Top of Data for processing

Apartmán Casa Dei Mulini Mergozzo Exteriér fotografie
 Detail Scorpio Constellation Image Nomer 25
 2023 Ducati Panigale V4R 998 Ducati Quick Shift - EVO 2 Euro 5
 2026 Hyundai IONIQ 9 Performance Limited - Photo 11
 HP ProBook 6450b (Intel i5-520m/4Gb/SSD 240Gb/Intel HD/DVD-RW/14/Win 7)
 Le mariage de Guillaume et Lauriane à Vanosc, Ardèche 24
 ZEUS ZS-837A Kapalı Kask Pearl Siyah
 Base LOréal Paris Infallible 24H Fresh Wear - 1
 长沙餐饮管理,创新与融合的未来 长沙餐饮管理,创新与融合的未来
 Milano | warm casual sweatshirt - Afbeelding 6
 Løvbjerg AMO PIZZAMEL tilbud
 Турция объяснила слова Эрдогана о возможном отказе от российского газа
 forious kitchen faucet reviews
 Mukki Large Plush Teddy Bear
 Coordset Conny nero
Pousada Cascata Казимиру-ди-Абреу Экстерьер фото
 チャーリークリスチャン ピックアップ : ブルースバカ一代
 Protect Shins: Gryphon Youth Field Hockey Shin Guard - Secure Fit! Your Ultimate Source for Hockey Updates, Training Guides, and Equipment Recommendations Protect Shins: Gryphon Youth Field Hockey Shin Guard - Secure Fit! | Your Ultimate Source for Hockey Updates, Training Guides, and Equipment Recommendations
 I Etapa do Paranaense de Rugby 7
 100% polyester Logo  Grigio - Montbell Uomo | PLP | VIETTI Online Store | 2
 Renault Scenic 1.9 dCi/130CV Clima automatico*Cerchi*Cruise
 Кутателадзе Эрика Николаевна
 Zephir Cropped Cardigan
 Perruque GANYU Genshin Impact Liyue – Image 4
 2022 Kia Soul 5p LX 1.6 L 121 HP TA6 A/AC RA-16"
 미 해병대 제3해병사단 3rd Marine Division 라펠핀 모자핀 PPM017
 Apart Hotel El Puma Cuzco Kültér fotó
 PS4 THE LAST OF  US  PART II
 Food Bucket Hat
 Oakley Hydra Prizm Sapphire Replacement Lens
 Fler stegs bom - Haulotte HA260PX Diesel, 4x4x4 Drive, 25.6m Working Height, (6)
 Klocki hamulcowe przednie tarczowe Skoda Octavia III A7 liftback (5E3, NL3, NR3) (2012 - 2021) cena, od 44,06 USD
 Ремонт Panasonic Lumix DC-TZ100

Bottom of Data for processing

• **What is being asked**
Copy all lines from the material above that hold the word "Image".

• **Solution to this problem**
 Detail Scorpio Constellation Image Nomer 25
 Perruque GANYU Genshin Impact Liyue – Image 4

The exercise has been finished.